> PROBLEM TO WORK ON
From top to bottom, return the listing exactly as it appears, omitting its images.

> DATA EXTRACT
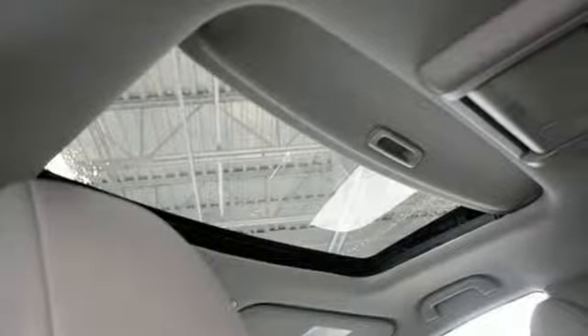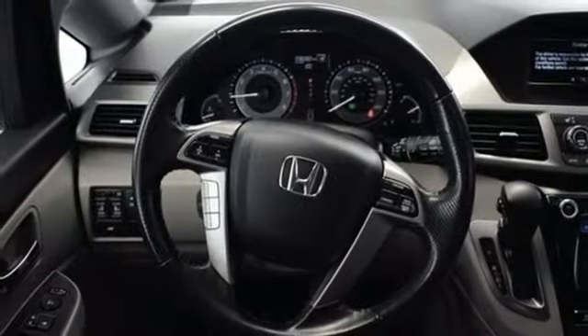V6 engine, power sliding and tilting sunroof, and automatic transmission.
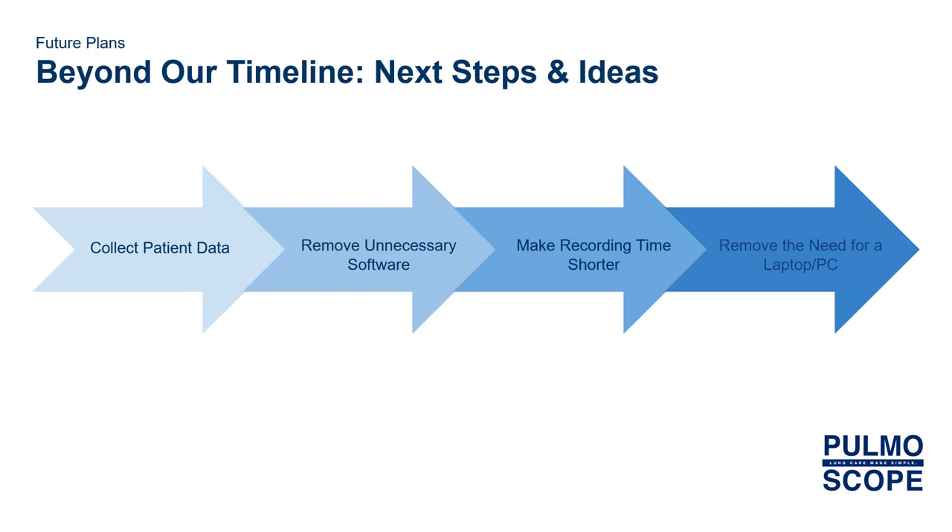Finally, we would want to remove the need for a laptop or PC. At the moment, the stethoscope has a USB dongle, which is necessary for the Bluetooth connection to be maintained. If we were to get rid of this dongle and have it transmit to multiple devices, this would make it easier for collection in general. It would also make it possible to build the analysis into the stethoscope itself, removing the need for an external device. With these steps, we would be able to take Pulmoscope further into the future. Thank you.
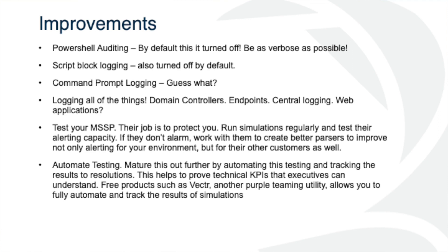I've had a couple of MSSPs try to use running things like Atomic Red as a cash grab — and that is by far not the type of people you want on your team. You want an MSSP that is going to see you running this and say, 'okay, we did alert to this, let's work together to build out these parsers' — because in the end that's going to help them protect not only your environment but other customers' environments as well. Automate testing — you can mature this by automating it and tracking results to resolutions. It's not enough to just run a test and send a ticket to the MSSP and hope everything's good. After they say they've built out new parsers, run another simulation to verify.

> TASK RESULT
V6 engine, power sliding and tilting sunroof, and automatic transmission.
Finally, we would want to remove the need for a laptop or PC. At the moment, the stethoscope has a USB dongle, which is necessary for the Bluetooth connection to be maintained. If we were to get rid of this dongle and have it transmit to multiple devices, this would make it easier for collection in general. It would also make it possible to build the analysis into the stethoscope itself, removing the need for an external device. With these steps, we would be able to take Pulmoscope further into the future. Thank you.
I've had a couple of MSSPs try to use running things like Atomic Red as a cash grab — and that is by far not the type of people you want on your team. You want an MSSP that is going to see you running this and say, 'okay, we did alert to this, let's work together to build out these parsers' — because in the end that's going to help them protect not only your environment but other customers' environments as well. Automate testing — you can mature this by automating it and tracking results to resolutions. It's not enough to just run a test and send a ticket to the MSSP and hope everything's good. After they say they've built out new parsers, run another simulation to verify.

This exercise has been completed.